(TASK ITEM):
Find "Sininen Turkki vintage" and "Max Mara Черный кардиган из шерсти MMLSNACK" in the records below. Copy the lines holding them and every line between, exactly, and no others.

(AVAILABLE DATA):

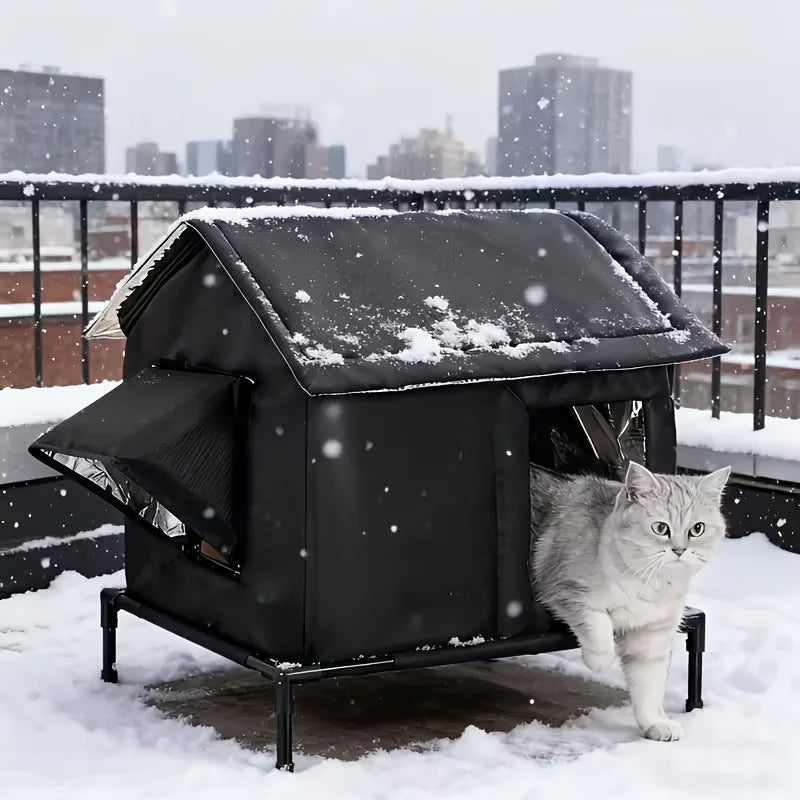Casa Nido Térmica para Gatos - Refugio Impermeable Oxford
---
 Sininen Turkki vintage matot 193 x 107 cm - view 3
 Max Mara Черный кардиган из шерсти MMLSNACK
* * *
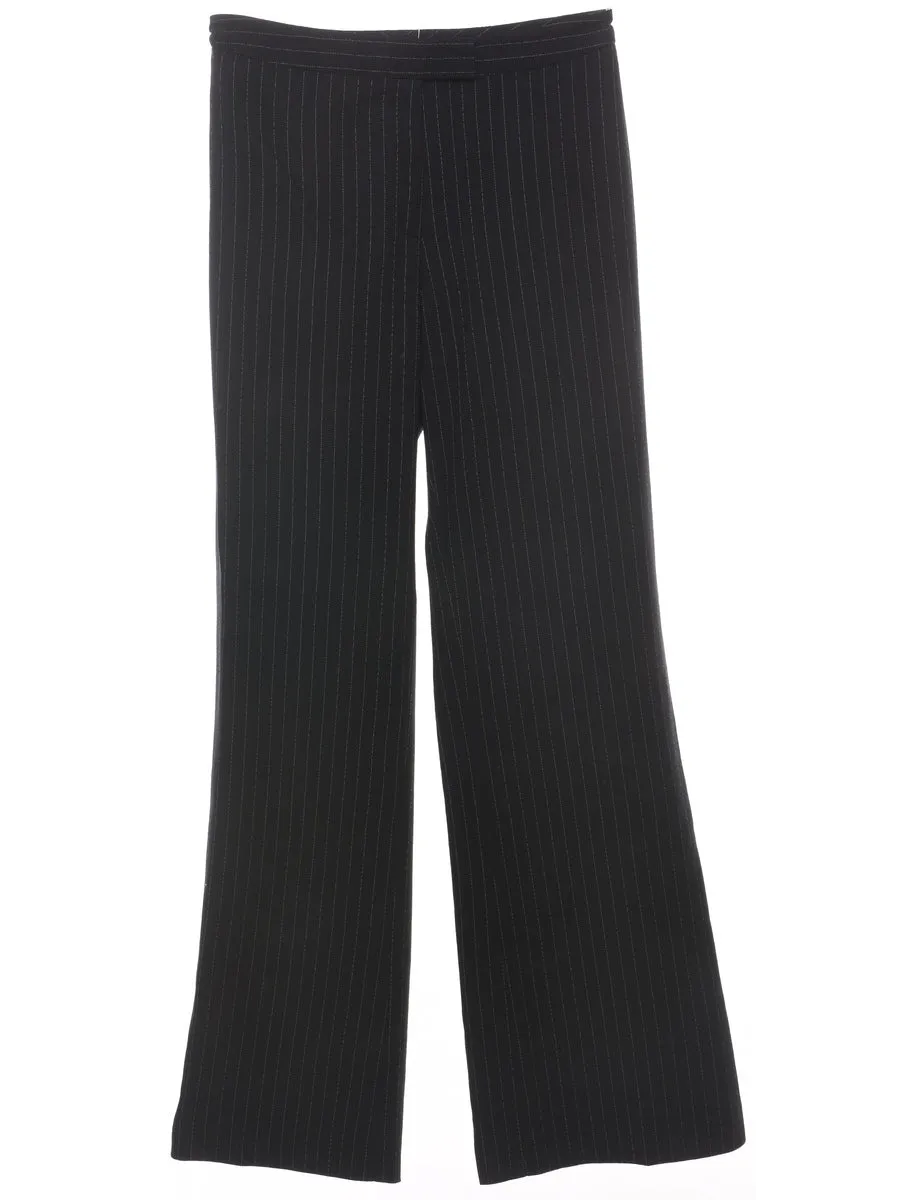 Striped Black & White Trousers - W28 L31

(OUTPUT OF THE TASK):
 Sininen Turkki vintage matot 193 x 107 cm - view 3
 Max Mara Черный кардиган из шерсти MMLSNACK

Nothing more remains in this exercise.